Monday, May 28, 2007

The Immaterial Has Become Immaterial

This line comes from the latest Pirates of the Caribbean movie, which I went to see tonight. It's ironic to see a movie from the Disney company that heroizes culturally subversive pirates and tells a story about taking on a giant monopoly, the East India Company. The initial sequence, which shows a range of citizens of different races, ages, and genders being persecuted for their sympathy with piracy becomes particularly ironic, given the company's history. If you haven't already seen it, check out this mash-up of Disney films made into a tutorial on copyright and fair use by Bucknell professor Eric Faden.

I thought that the depiction of Asia as a place for disordered and lawless sociality puppeted Orientalist stereotypes and that the Yellow Peril-style caricature of sexual danger to white women from Asian men played right into racist ideologies. Personally, I'd pick Chow Yun Fat over Orlando Bloom any day. I wonder how much of this China-bashing was seen as permissible, given the region's well publicized disregard for Disney's intellectual property claims.

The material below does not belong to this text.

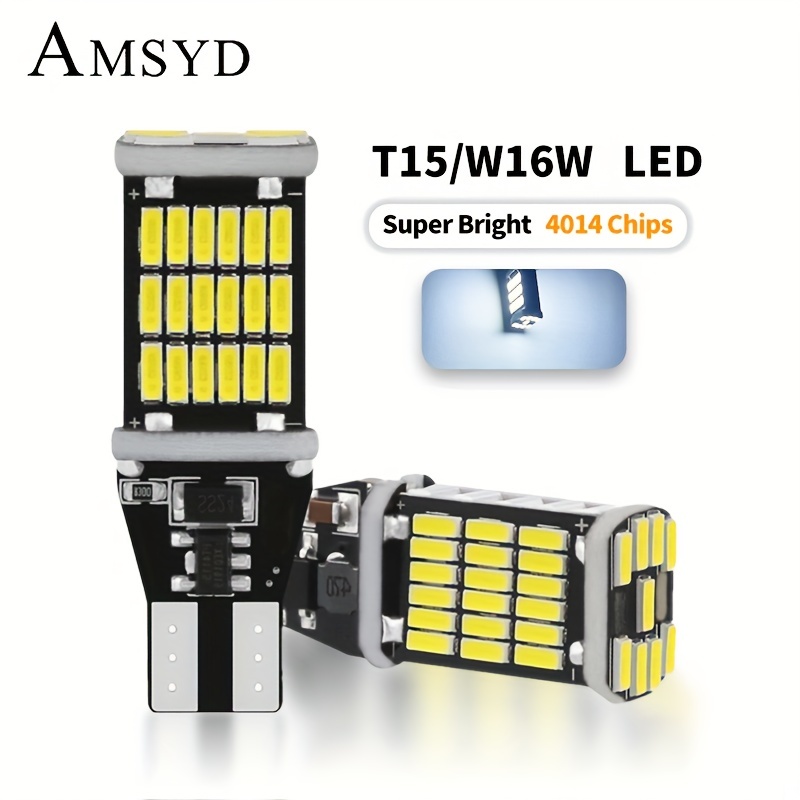 T15 LED 45smd chips With Canbus T10 LED W16W LED 4014 Reverse Light Bulbs  Parking Light Lamp Bulbs White Red NO ERROR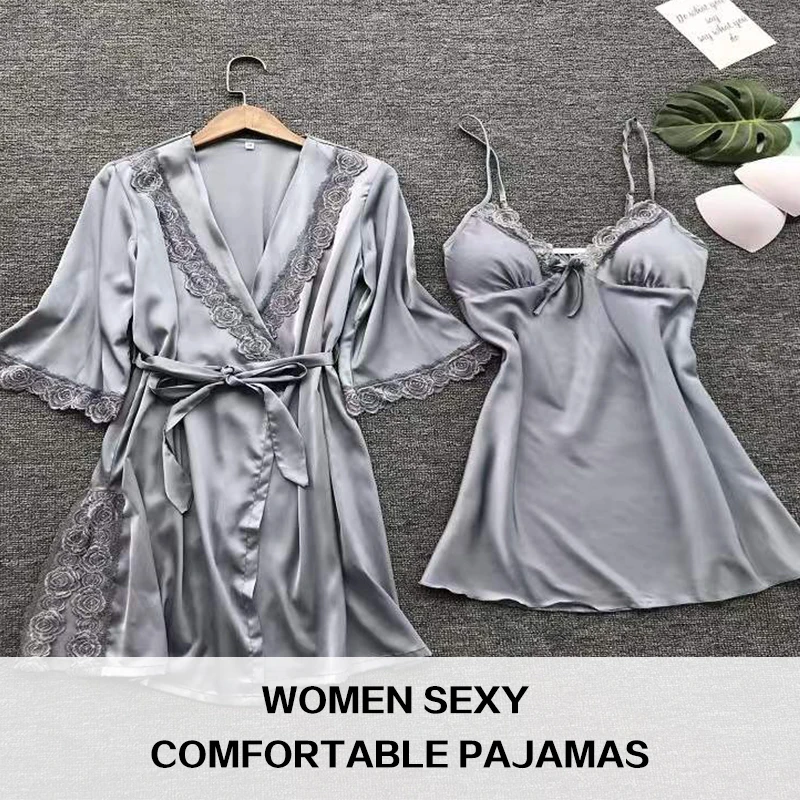 

2pcs Woman Sexy Pajamas Sleepwear Lace Robe And Pants Lingerie Bathrobe Silk Satin Home Clothed Nightwear For Ladies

I know that some free culture advocates are using the release of the movie as an opportunity to educate the public. Free Culture and Defective By Design held an event at one of the theatres showing the film in Boston to highlight parallels with net activist interests. You can see photos here.

In this week's Los Angeles Times cartoonist Berkeley Breathed explains how his joke about the director of Pirates went unintentionally viral thanks to a blogger at a book signing in "Is Gore Verbinski really 'sick of pirates'?"

Update: There's also another great Disney mash-up that has been made up to argue for the stance of documentary filmmakers, who often need clips from popular movies to illustrate essential points in their visual arguments.